Given material:
=== Begin Enclosure ===

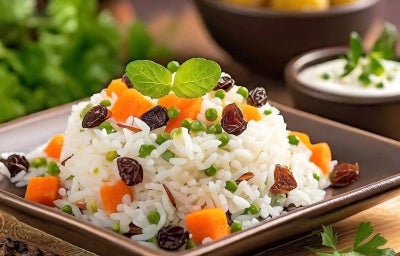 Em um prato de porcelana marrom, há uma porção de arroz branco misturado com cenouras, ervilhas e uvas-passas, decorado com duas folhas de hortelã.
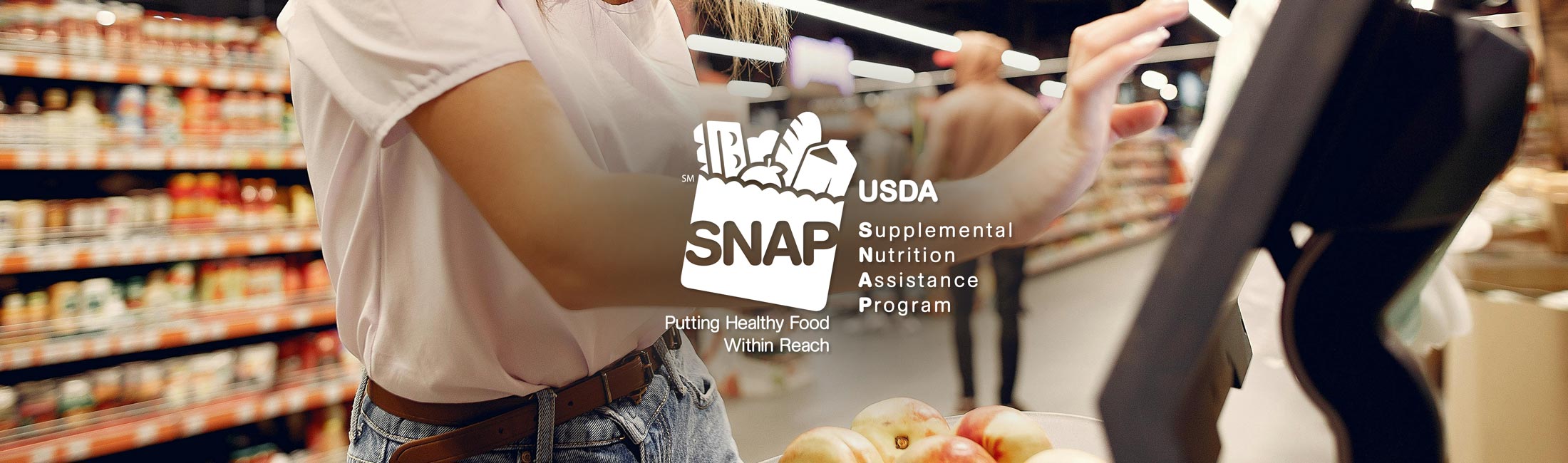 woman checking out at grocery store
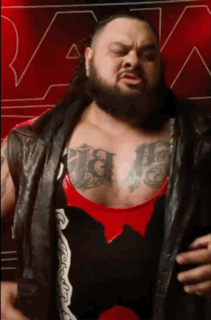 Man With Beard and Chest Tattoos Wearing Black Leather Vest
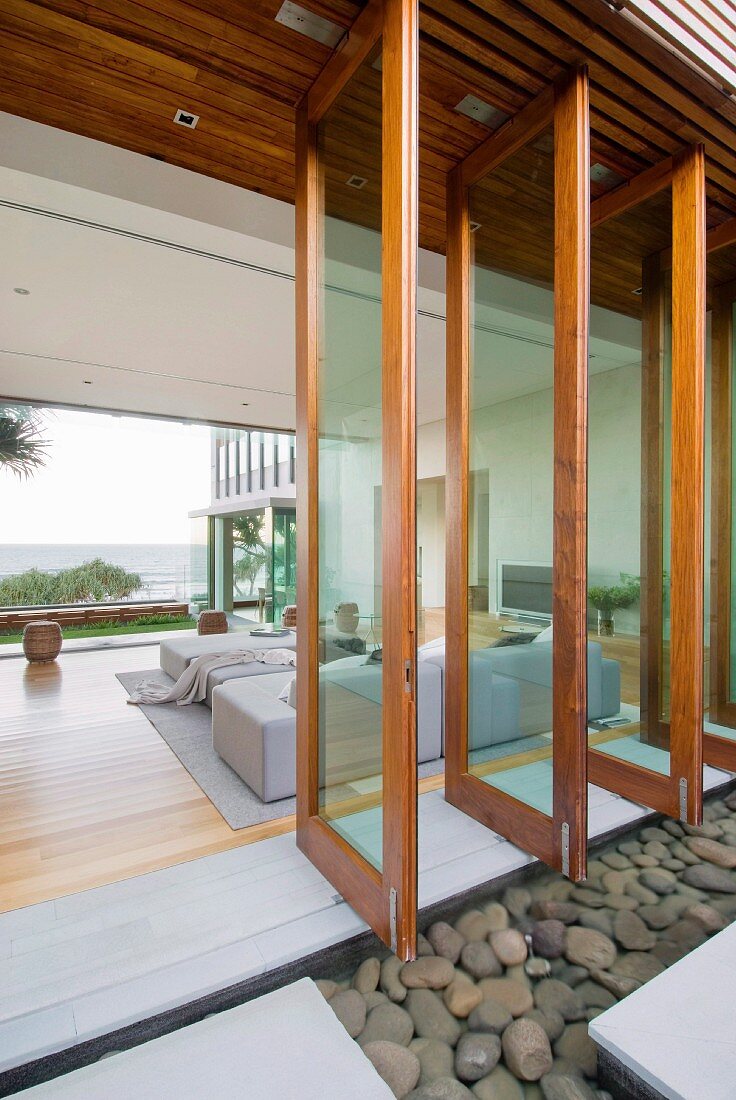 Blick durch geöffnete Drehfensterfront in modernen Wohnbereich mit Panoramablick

=== End Enclosure ===

Assigned task: Print out all the material above exactly as it appears, omitting the images.

Task answer:
 Em um prato de porcelana marrom, há uma porção de arroz branco misturado com cenouras, ervilhas e uvas-passas, decorado com duas folhas de hortelã.
 woman checking out at grocery store
 Man With Beard and Chest Tattoos Wearing Black Leather Vest
 Blick durch geöffnete Drehfensterfront in modernen Wohnbereich mit Panoramablick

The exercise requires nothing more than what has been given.